Location: Tioga County
961 posts, read 2,504,251 times
Reputation: 1752
Quote:
Originally Posted by Submariner View Post
I participated in two 'Fleet Operational Test' launches of FBM missiles. The first time was in the 1970s [USS George C. Marshall SSBN 654], and second time was in the 1990s [USS Alaska SSBN 732]. Two different subs. Both times we launched four missiles in rapid secession from off the coast of Morocco, aiming for targets in New Mexico.

When you launch missiles it sets up a harmonic vibration in the hull of the sub. When we did it on the Alaska it was right after the Florida had done it. When the Florida did it, they miss-timed the sequence of launches which then caused thousands of micro stress fractures to open in their hull. Sea water was seeping through their hull in thousands of places. Those hulls are over 3 inches thick solid HY-80 spring steel.

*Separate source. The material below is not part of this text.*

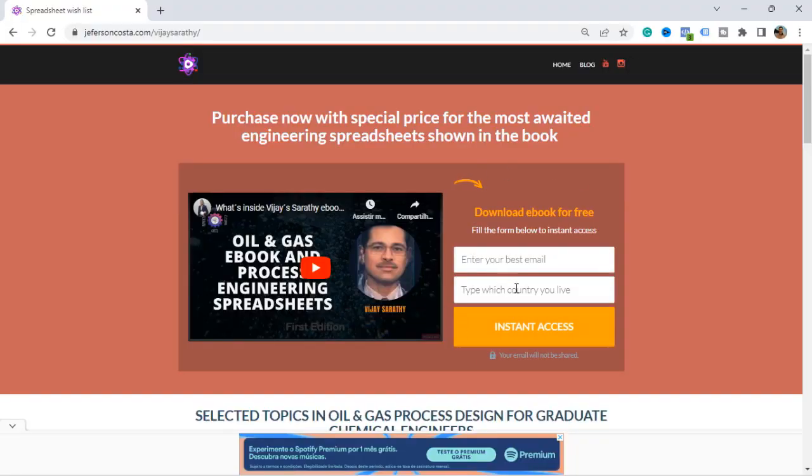In summary, this video covered how to perform pressure rating calculations for a centrifugal compressor. Based on Vijay Sarat's article in his free e-book, we saw that it is possible to choose different pressure ratios to achieve lower power consumption. We also reviewed a real data sheet and a real P&ID for a two-stage centrifugal compressor. To download the free e-book by Vijay Sarat, go to jeffersonkosta.com, enter your best email and country, and click instant access. Let me know in the comments which chapter or module of the e-book you'd like reviewed on this YouTube channel.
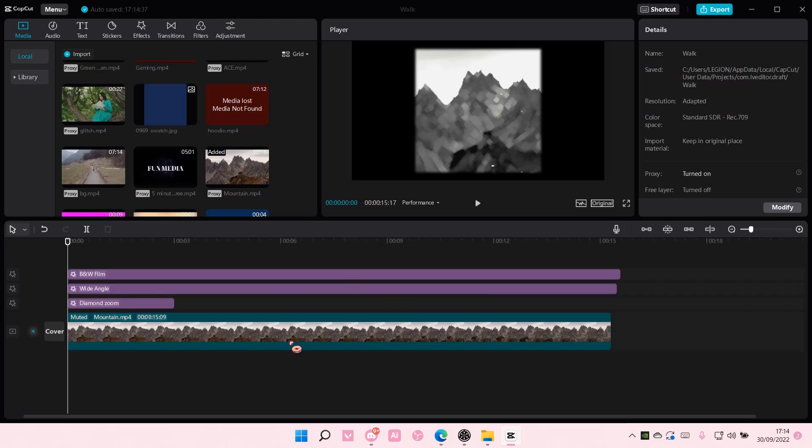And that is pretty much how you can link a lost media on CapCut PC. I hope this tutorial was helpful for you guys.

The hulls are designed to flex like a guitar string or tuning fork to release stress. But once they start vibrating you must be extra careful of when you introduce other stresses. A single depth charge going off near a sub will make the hull vibrate like the string of a harp. Given a few minutes the vibration dies down. I have seen videos of tests when they were setting off depth charges next to a sub hull, it is neat to watch.

I have never been outside of a sub when it was launching FBM missiles. But I can tell you that inside the sub they do make a huge noise. We launch from 150-foot depth btw.
.....Curious..you mention depth charges..does anyone still use those drum type depth charges anymore?